Richard – an under-21 all-Ireland winning footballer with the ‘Rossies’ – always knew the day would come and, not surprisingly, had a plan in place.
“I’m in my sixties now and you have to be young and energetic to keep at the top of it. I like achieving and winning, but I don’t ponder on it because the day you win, there’s another day you get beaten – sport teaches you that.
“There’s a lot of comradery in pedigree breeding, but also a lot of competition,” he added.
‘It’s not like it used to be’
Richard has a wealth of experience – over 50 years in fact – in the world of pedigree breeding. And, as can be expected, he has witnessed pronounced changes over such a period of time. However, he’s not in favour of some of these.
“It’s not how it used to be. Back in the day, we had cattle men. But I’ve done my thing. Having said that, I’m not going to fall off the face of the farming world. I’m still there and I’ll be fishing to see where I can contribute.
“I like doing my own thing. But being told what to do inside my own gate, I don’t take to it well,” he added.
However, while the females will go under the hammer on Saturday, the males in the herd will be retained and sold next year – both privately and in Roscrea Mart.
Richard also plans to farm commercially for a period, before stepping away from farming full-time.
“I’m of the age; I don’t want to be a farmer on a zimmer frame and I’ve been a workaholic all my life; maybe it’s time to take a step back,” he explained.
“Pedigree breeding is very full on and it’s been my whole life – I’ve been totally consumed with it.
“That’s the thing with pedigree breeding; you do create a family and friends.

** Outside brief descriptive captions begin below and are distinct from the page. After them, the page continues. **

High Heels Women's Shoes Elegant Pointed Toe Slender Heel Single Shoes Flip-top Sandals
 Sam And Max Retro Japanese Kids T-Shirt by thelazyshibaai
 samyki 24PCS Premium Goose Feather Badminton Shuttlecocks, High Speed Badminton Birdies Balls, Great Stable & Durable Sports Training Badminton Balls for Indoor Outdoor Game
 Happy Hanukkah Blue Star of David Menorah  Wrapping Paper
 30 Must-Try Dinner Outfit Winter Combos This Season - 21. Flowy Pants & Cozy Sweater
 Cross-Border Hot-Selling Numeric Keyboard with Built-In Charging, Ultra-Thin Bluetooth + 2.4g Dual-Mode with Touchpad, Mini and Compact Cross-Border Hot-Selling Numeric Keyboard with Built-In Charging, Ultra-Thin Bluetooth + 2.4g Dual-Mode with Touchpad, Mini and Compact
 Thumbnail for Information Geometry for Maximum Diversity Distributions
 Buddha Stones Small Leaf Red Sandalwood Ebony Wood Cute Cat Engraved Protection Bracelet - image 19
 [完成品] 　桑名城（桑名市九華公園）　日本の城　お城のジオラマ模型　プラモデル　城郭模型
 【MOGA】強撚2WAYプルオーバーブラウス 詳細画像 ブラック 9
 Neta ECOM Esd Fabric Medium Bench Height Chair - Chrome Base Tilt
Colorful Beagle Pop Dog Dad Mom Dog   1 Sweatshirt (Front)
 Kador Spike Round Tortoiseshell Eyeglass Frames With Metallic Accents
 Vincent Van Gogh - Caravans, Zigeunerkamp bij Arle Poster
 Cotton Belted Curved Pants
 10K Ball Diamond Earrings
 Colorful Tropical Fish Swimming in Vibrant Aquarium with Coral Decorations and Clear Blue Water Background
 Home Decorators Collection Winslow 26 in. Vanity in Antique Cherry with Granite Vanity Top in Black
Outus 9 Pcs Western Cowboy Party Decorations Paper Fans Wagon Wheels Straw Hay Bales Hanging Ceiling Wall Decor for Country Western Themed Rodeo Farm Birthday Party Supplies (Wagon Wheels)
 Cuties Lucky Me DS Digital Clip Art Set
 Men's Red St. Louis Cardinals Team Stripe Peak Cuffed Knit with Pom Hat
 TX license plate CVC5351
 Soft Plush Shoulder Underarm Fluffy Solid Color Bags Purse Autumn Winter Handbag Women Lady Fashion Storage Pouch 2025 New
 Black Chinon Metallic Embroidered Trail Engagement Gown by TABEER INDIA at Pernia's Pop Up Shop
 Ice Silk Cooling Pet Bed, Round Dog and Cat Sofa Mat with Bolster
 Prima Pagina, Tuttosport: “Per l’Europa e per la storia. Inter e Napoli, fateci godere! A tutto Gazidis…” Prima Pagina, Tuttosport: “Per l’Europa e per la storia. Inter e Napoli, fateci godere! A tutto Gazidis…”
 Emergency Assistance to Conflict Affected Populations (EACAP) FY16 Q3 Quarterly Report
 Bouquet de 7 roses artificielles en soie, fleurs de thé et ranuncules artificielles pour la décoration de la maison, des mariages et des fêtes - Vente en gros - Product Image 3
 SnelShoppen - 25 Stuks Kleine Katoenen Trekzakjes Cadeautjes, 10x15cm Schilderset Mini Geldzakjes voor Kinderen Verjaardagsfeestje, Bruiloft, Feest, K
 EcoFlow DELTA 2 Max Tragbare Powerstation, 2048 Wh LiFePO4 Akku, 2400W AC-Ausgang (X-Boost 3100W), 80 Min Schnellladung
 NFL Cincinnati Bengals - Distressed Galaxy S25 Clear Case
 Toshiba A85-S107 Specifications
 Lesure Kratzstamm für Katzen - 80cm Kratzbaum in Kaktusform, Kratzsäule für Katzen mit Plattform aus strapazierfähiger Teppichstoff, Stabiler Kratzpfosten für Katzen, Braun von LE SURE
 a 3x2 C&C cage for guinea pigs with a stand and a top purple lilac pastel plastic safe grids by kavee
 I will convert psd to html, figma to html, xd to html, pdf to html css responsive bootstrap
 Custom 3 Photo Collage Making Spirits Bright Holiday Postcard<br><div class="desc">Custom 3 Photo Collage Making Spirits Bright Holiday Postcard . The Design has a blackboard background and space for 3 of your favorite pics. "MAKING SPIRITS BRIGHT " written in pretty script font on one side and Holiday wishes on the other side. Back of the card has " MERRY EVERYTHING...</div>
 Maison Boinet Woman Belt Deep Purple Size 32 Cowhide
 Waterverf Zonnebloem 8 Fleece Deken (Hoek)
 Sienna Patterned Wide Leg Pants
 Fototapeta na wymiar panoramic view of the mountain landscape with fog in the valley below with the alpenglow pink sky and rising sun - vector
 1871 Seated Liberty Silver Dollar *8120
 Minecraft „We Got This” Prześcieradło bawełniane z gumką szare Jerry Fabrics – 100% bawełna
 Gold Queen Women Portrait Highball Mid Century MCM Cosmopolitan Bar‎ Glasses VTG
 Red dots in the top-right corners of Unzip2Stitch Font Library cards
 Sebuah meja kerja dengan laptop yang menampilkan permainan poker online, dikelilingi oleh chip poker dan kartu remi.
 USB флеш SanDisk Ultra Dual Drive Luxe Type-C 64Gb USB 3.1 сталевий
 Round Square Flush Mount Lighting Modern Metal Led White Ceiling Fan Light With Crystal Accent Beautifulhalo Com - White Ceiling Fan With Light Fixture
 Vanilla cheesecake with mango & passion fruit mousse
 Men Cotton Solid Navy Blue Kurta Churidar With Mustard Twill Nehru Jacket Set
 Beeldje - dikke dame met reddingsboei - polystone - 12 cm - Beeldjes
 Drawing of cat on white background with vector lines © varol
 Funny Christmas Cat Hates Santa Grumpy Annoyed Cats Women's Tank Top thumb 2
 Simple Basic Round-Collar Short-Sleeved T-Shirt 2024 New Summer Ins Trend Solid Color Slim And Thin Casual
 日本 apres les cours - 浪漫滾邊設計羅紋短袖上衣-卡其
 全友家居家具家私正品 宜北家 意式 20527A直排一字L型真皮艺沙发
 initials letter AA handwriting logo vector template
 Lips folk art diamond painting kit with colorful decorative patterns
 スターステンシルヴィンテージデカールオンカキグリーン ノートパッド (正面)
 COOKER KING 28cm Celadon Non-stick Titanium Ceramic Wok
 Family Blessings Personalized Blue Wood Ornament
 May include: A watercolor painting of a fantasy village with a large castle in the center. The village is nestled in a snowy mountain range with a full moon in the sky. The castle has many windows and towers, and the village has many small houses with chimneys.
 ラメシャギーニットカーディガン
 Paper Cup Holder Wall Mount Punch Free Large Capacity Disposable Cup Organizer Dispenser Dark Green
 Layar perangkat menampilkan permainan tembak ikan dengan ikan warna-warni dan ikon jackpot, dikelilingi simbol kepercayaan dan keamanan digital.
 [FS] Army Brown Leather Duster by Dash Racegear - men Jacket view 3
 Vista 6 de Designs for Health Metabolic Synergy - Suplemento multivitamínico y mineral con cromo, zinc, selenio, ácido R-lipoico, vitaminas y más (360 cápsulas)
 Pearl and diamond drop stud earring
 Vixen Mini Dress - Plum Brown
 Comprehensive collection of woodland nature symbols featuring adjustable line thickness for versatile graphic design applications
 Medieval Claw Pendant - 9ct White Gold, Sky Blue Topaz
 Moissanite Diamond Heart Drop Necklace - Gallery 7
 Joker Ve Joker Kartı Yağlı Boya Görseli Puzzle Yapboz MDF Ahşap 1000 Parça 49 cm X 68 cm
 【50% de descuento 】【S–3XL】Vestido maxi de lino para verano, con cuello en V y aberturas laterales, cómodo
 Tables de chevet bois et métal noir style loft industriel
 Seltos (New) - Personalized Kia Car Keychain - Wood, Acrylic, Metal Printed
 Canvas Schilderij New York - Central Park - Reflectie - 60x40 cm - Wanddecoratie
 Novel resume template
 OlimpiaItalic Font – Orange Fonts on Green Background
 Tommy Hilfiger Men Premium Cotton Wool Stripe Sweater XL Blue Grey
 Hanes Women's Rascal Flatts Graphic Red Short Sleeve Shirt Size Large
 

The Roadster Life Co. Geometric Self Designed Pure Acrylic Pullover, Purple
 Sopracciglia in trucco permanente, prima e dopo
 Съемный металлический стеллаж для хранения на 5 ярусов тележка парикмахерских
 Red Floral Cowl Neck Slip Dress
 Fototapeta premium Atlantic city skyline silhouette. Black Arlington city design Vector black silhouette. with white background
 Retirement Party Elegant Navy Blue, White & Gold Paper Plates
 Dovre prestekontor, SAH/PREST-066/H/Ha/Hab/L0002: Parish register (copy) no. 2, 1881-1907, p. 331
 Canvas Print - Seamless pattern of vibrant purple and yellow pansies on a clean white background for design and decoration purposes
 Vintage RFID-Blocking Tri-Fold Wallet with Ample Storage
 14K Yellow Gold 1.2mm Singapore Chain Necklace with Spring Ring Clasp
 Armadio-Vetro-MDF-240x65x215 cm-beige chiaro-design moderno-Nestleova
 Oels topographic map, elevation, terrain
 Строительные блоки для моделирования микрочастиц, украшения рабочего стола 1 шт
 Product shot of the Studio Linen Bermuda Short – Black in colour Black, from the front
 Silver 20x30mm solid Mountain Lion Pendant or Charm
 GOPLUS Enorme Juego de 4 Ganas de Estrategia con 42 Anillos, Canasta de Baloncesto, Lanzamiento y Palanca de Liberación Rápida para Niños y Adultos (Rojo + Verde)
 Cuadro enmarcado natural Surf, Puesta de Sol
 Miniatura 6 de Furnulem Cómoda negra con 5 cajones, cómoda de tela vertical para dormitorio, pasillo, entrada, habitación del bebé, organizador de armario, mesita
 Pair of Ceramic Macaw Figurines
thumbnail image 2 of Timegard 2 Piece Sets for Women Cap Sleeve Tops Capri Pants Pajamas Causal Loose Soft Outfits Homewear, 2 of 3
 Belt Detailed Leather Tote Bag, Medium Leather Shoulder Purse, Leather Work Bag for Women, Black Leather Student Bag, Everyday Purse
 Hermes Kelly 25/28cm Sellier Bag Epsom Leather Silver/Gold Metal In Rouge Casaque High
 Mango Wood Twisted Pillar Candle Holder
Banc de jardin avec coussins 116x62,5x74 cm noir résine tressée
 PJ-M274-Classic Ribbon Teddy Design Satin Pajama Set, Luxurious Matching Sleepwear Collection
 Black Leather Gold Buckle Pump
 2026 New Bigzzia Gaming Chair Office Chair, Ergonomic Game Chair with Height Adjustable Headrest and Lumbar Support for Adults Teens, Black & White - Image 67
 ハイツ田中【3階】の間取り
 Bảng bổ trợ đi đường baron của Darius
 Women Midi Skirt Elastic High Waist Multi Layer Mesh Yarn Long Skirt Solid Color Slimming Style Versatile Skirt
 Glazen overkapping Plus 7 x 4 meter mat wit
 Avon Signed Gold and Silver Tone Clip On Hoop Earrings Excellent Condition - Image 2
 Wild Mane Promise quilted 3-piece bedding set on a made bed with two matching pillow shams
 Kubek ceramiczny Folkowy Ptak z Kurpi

It’s the end of an era for me; that’s why I’m holding on to the bulls – just not to cut it all off together,” he concluded.
Richard will team up with fellow ex-Roscommon team mate – Gerry Connellan of Elphin Mart – to sell the Millburn Limousin Herd. The sale – which will begin at 2:00pm on Saturday, August 29 – will be held in conjunction with the dispersal of The Royal County Limousin Herd.
The animals on offer can also be viewed at Elphin Mart on Friday, August 28, from 2:00pm to 7:00pm. On Saturday, bids will be taken both ringside and online by the auctioneer Denis Barrnett.